Exercise: In the material below, write out each line word for word and omit the pictures.

Data provided:

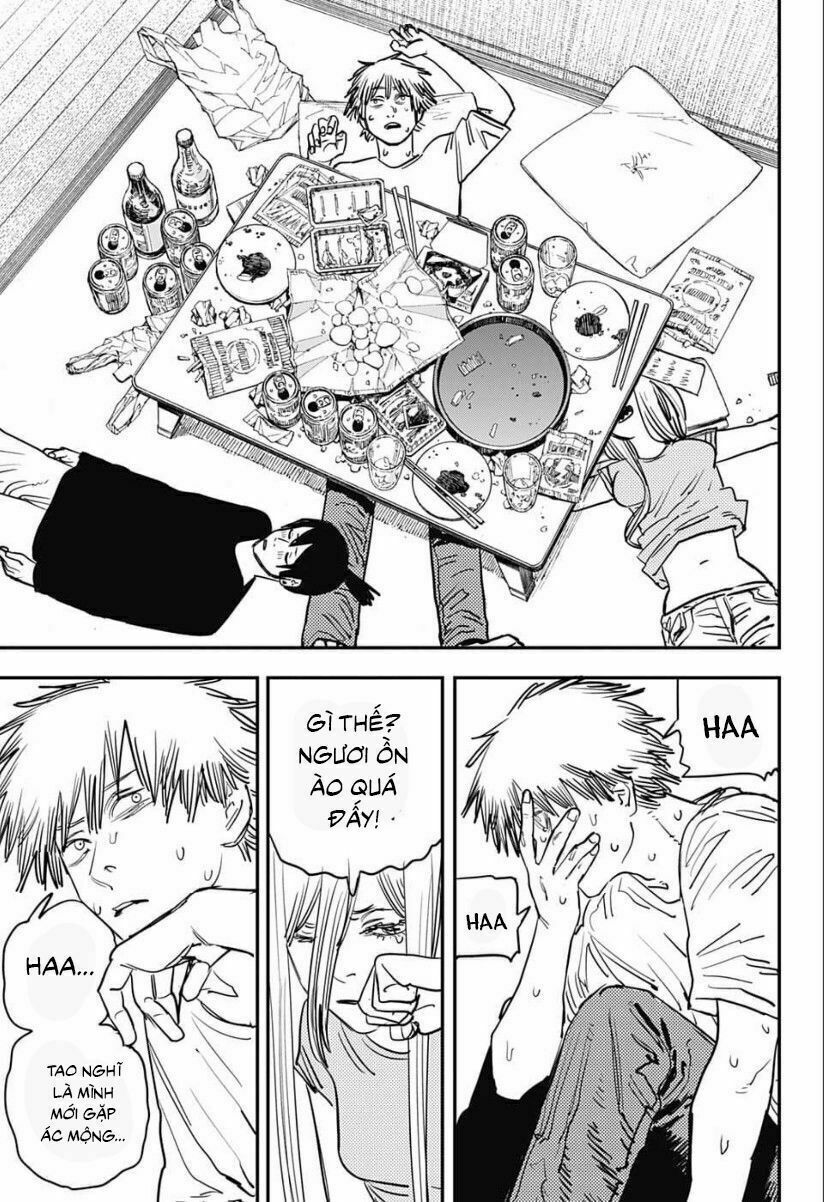 chainsaw man - thợ săn quỷ chapter 38 22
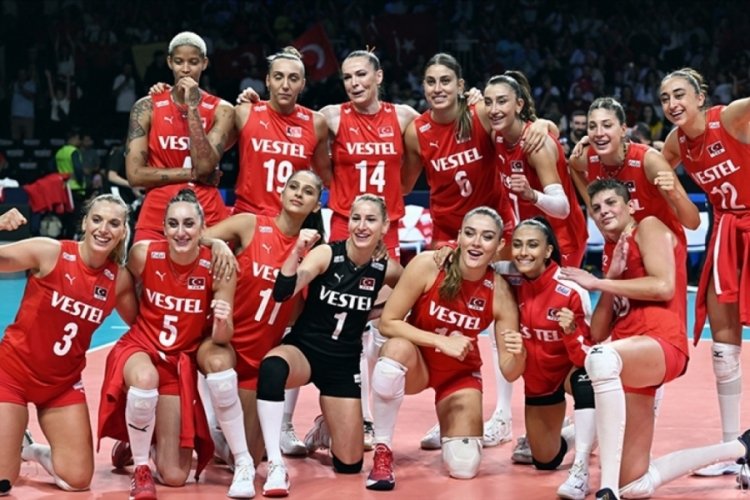 Filenin Sultanları yarın Polonya ile karşılaşacak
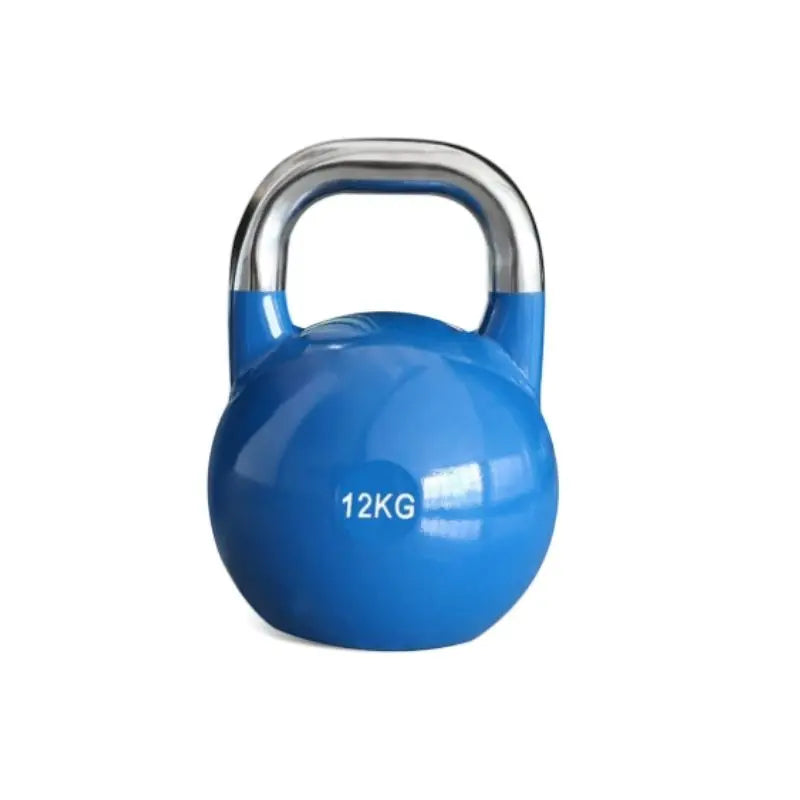 Endurance Silicone Kettlebell 6kg - Sports Equipment 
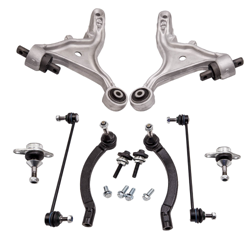 8 PIEZAS KIT BRAZOS DE CONTROL SUSPENSIÓN DELANTERO PARA VOLVO V70 II SW S60 I en oferta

Exercise response:
 chainsaw man - thợ săn quỷ chapter 38 22
 Filenin Sultanları yarın Polonya ile karşılaşacak
 Endurance Silicone Kettlebell 6kg - Sports Equipment 
 8 PIEZAS KIT BRAZOS DE CONTROL SUSPENSIÓN DELANTERO PARA VOLVO V70 II SW S60 I en oferta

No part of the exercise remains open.